I don’t like to acknowledge exactly how much of a toll being a Victim took on me. I don’t want people to treat me like I’m fragile. I know I should have acknowledged my own fragility, and that I should be able to talk about the ways my life remains completely altered. Because my experiences aren’t unique. This kind of trauma has an unfortunately ubiquitous quality. I like to blame my bad luck, but I think the reality is that we live in a perniciously malicious society, where the negative percolates to the top. I try to believe that there’s more good than not, but it seems like bad actions are constantly rewarded.

One of the disappointing aspects of my experience was that it left me wary of participating in the same kind of activism I’d done before. Spaces that were once safe felt foreign and dangerous. When I read that Atlantic article, I’d already been thinking a lot about the ways that Feminism, like many movements catalyzed by our reactionary internet culture, has gone off the rails in truly unproductive ways. When I started this blog its title (it. was. a. joke.) was a light-hearted jab at my own mellow, goofy personality and the way passivity sustains harmful norms. Now… I’m not as comfortable with the name. I’m still trying to articulate how in the quest for justice and inclusion, radicalized facets have created more discord and polarization.

I can see the ways that this exact inability to converse contributed to how the past year of my life unfurled. The institutional structures that should have protected me didn’t. The discussion was so bogged down in politics that what could have been solved quickly and painlessly turned into one of the most traumatic and prolonged experiences of my life. How else can I explain why the same person (who had the most ability and responsibility to rectify the damage) was able to say, “You’re not safe. You should never be alone—these are truly dangerous threats.” And a short time later, “Well, we do need to let him express his personality. We can’t ask him to change who he is.” …I mean… really? ‘Stalker’ is a protected identity now??

But then I come back to women who are smart and graceful and funny, who change the world by being themselves, who remind me that I’m doing just fine by doing exactly what I’m doing, who gently let me know that removing myself from the conversation isn’t the path to healing. And that’s the kind of feminism that matters to me. I wouldn’t have survived the last year without it.

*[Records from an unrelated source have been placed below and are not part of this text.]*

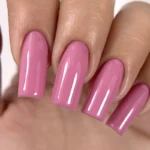 JOIA Gel Nail Polish Vegan, 01GP Juicy Berries - Image 3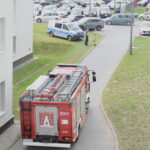 Ewakuacja pacjentów to część corocznych ćwiczeń w szpitalu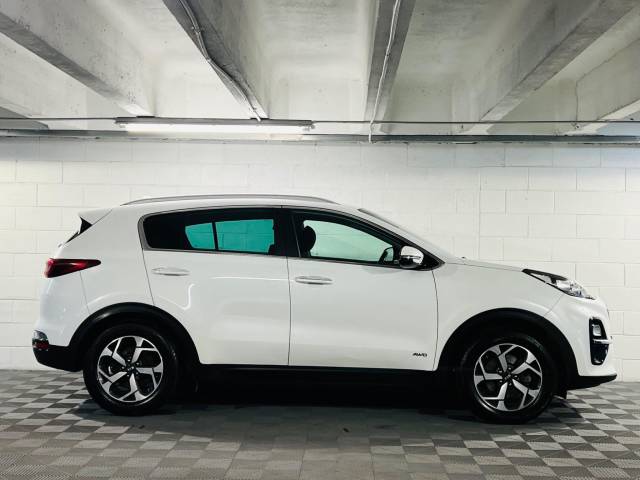 2019 Kia Sportage 1.6T GDi ISG 2 5dr [AWD]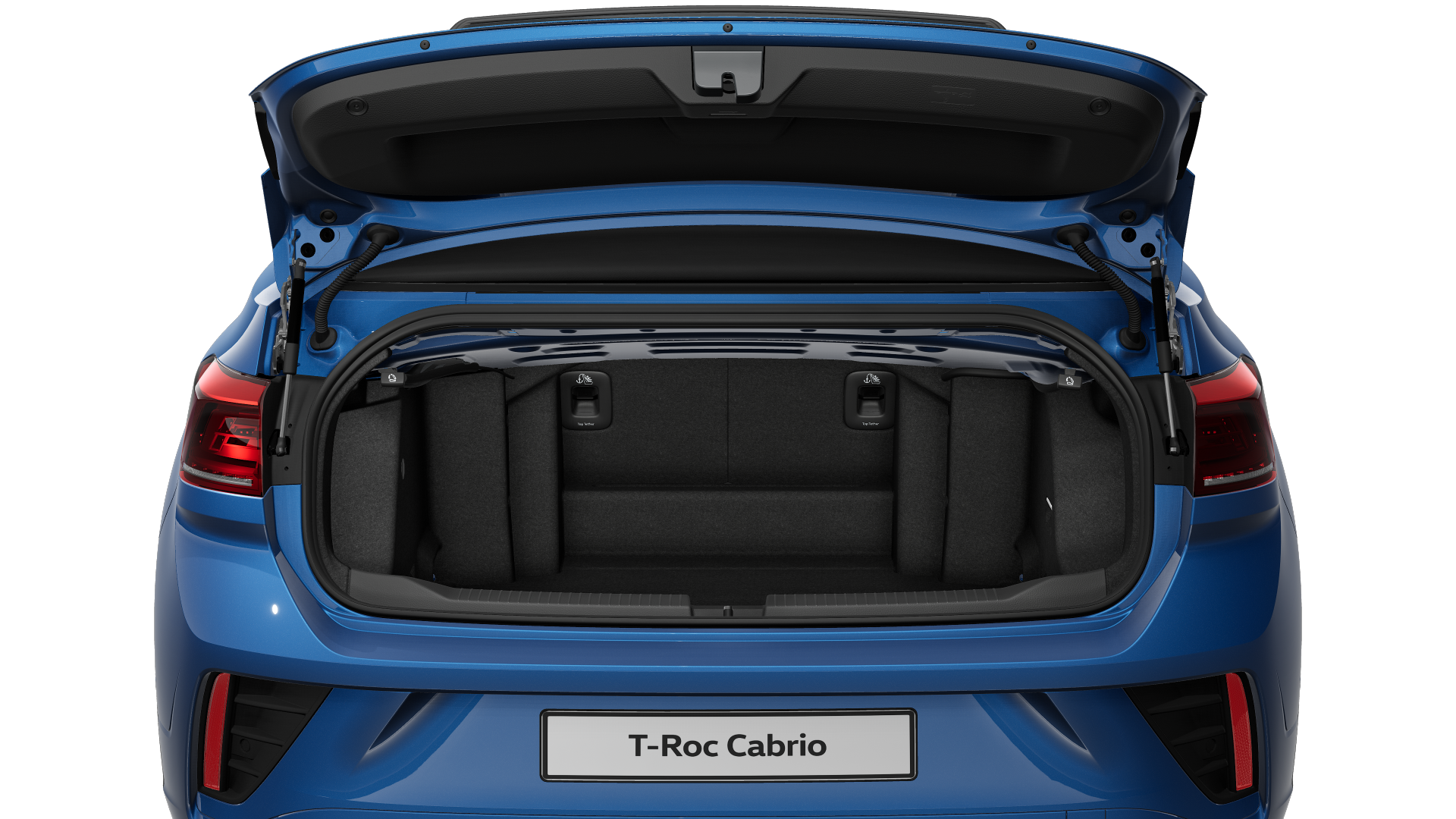 Volkswagen T-Roc Cabriolet DSG R-Line Style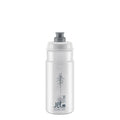 Borraccia Elite Jet Sugar Cane 550ml, trasparente/grigio, plast.bio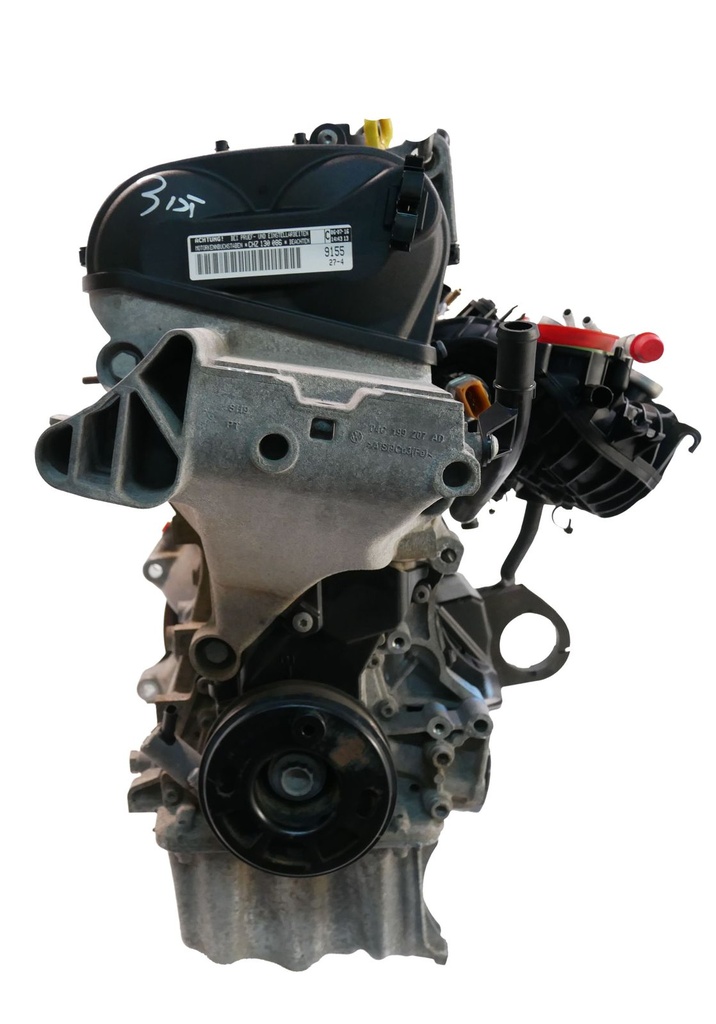 [MTD-446589] Motor 1.0 TFSI CHZD CHZ para Audi A3, Seat Leon, VW Golf 2016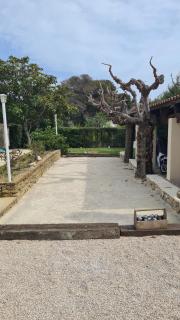 Villa Rima, bas de villa vue mer avec piscine à 200m des plages - 5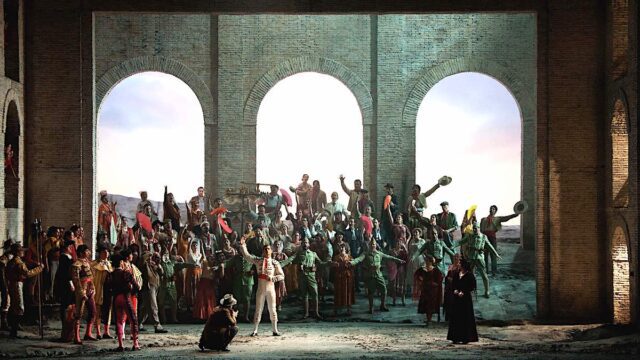 Carlo Felice, il fascino selvaggio di Carmen colpisce ancora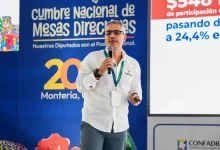 Gobernador de Antioquia, Andrés Julián Rendón. Foto/ Gobernación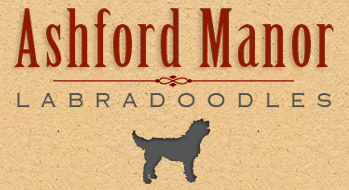 Ashford Manor Labradoodles Logo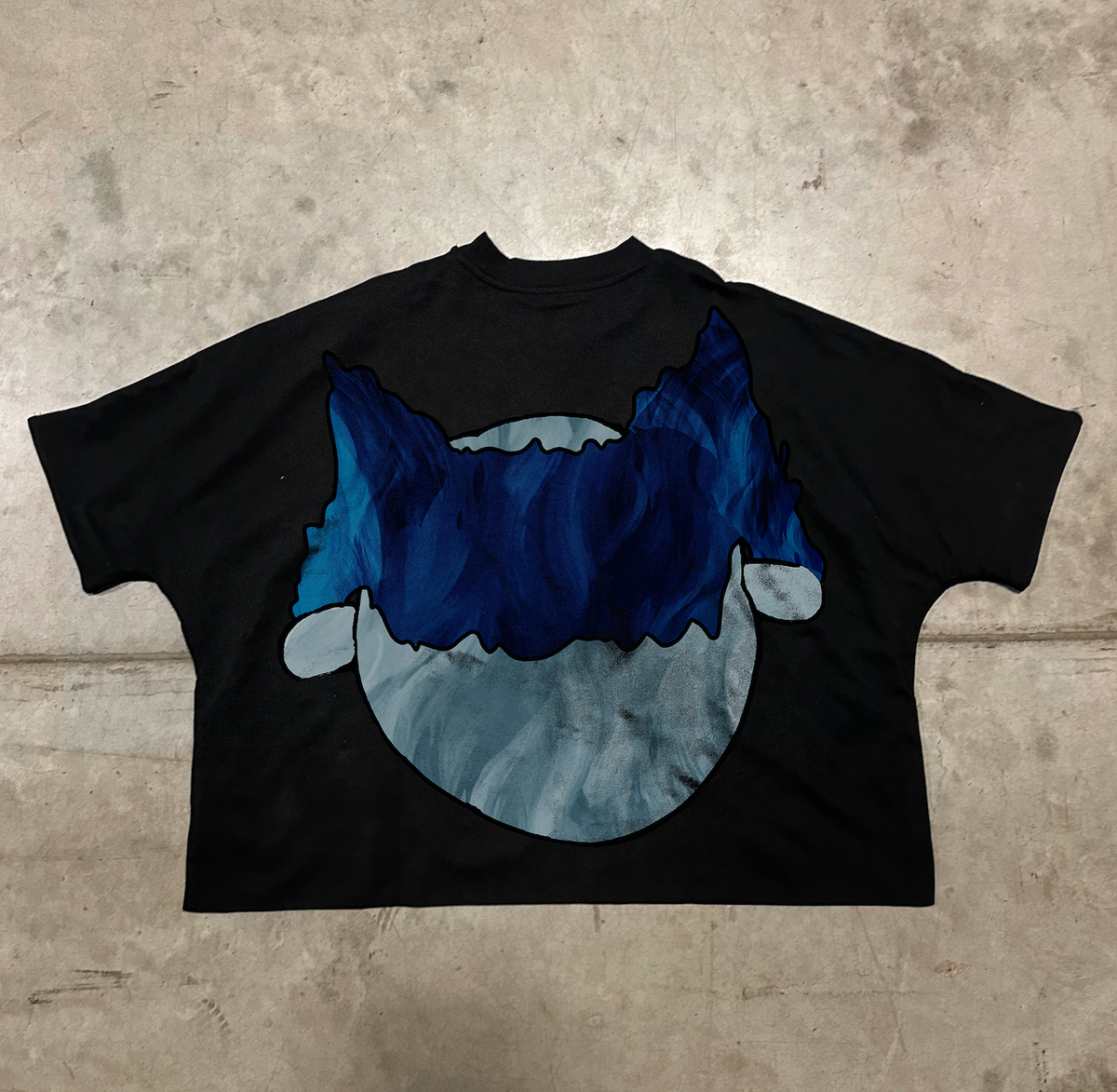 SYNDICATE - Milky Way" Black/Blue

We have to keep critiquing and reflecting and evaluating the ways our movement is working and the ways it isn’t. There’s not an end goal—we’re never going to be done. But we have the opportunity to save lives, and that’s not something we should give up on. So I’m not going to change the name of this site, or delete it, even though I sometimes think about doing both. I’m not an authority, but I do have a stake in this work. We all do.

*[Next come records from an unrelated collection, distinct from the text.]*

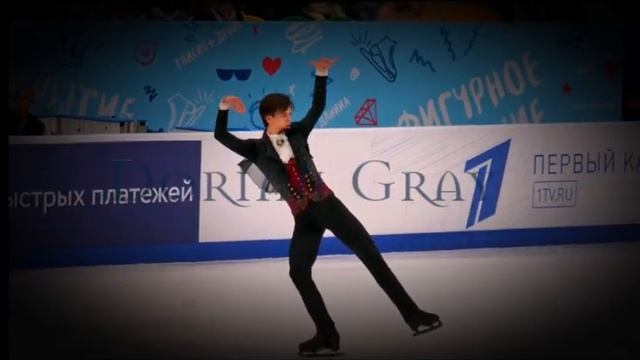 Dorian Gray - Петр Гуменник - Произвольная программа - Открытые прокаты - 17.09.2023 смотреть онлайн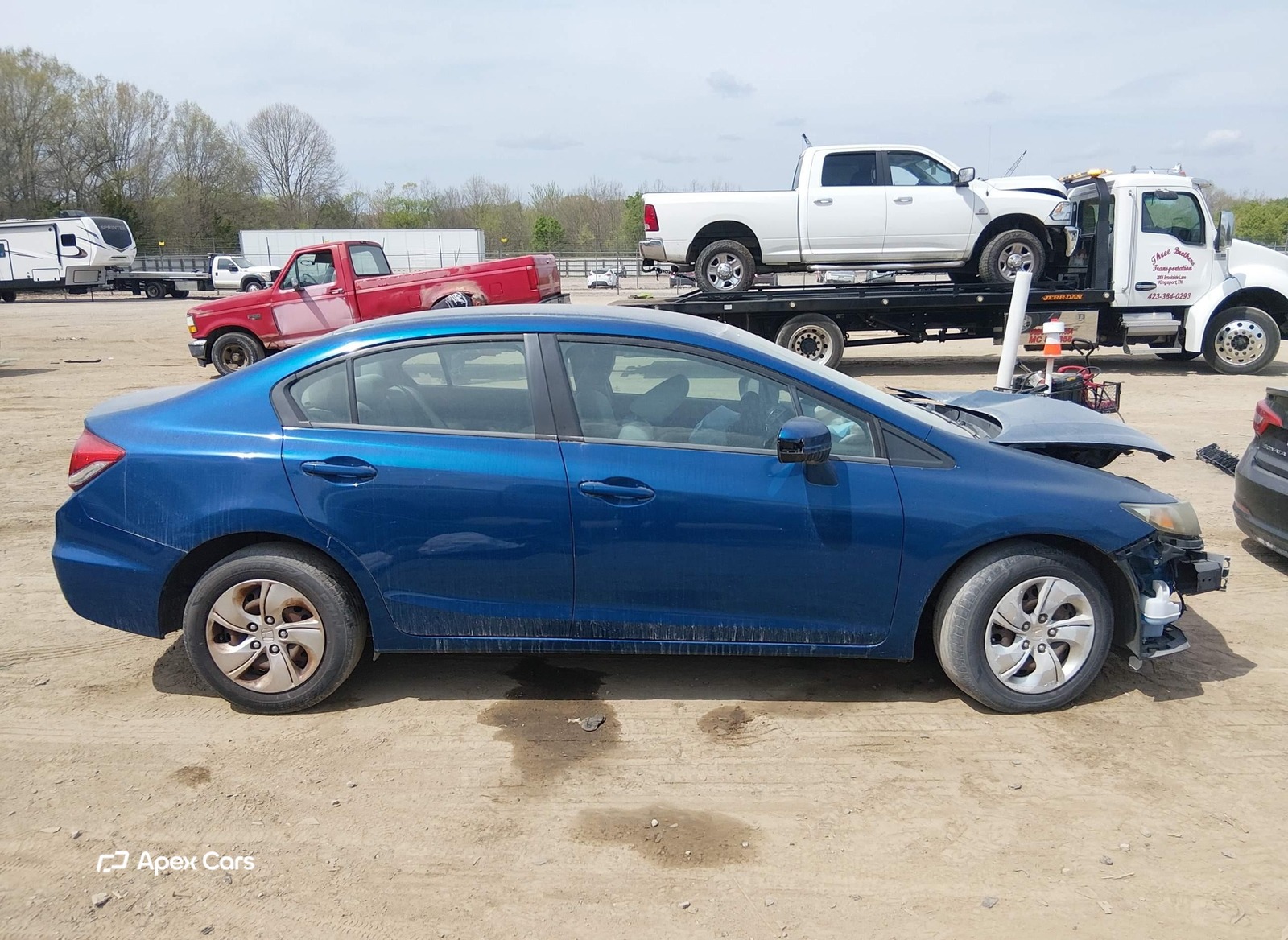 Honda Civic 2014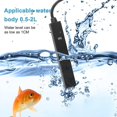 thumbnail image 5 of Lishi Mini USB Submersible Aquarium Heater, 5W Heating Rod for 0.5-2L Fish Tank, 5 of 5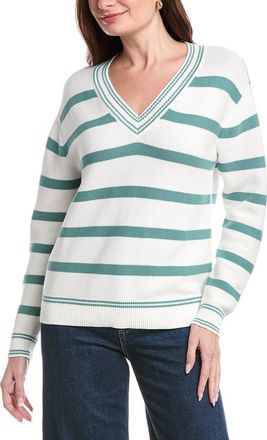 Cabi Arena V-Neck Pullover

When I think about the last 525,600 minutes I don’t think of them as being seasons of love. (I’m not going to apologize for that. Did you really think I wasn’t going to bring that in??) I want to be very clear that I do not believe those platitudes. None of this made me a better person. None of this should have happened. It was like being on a rollercoaster that was so violent you vomited the whole time and needed a chiropractor after. You don’t get off of that feeling Better. Different, but not better.

One last thought in this discordant jumble: autumn has always been my favorite season. And it’s been hard to love it in the same way this year, because now I associate it with the start of one of the worst times of my life. But nobody gets to take an entire season from me. I’m still here and I’m still trying. And I’m still an Angry Feminist Killjoy, but not in the way you might think.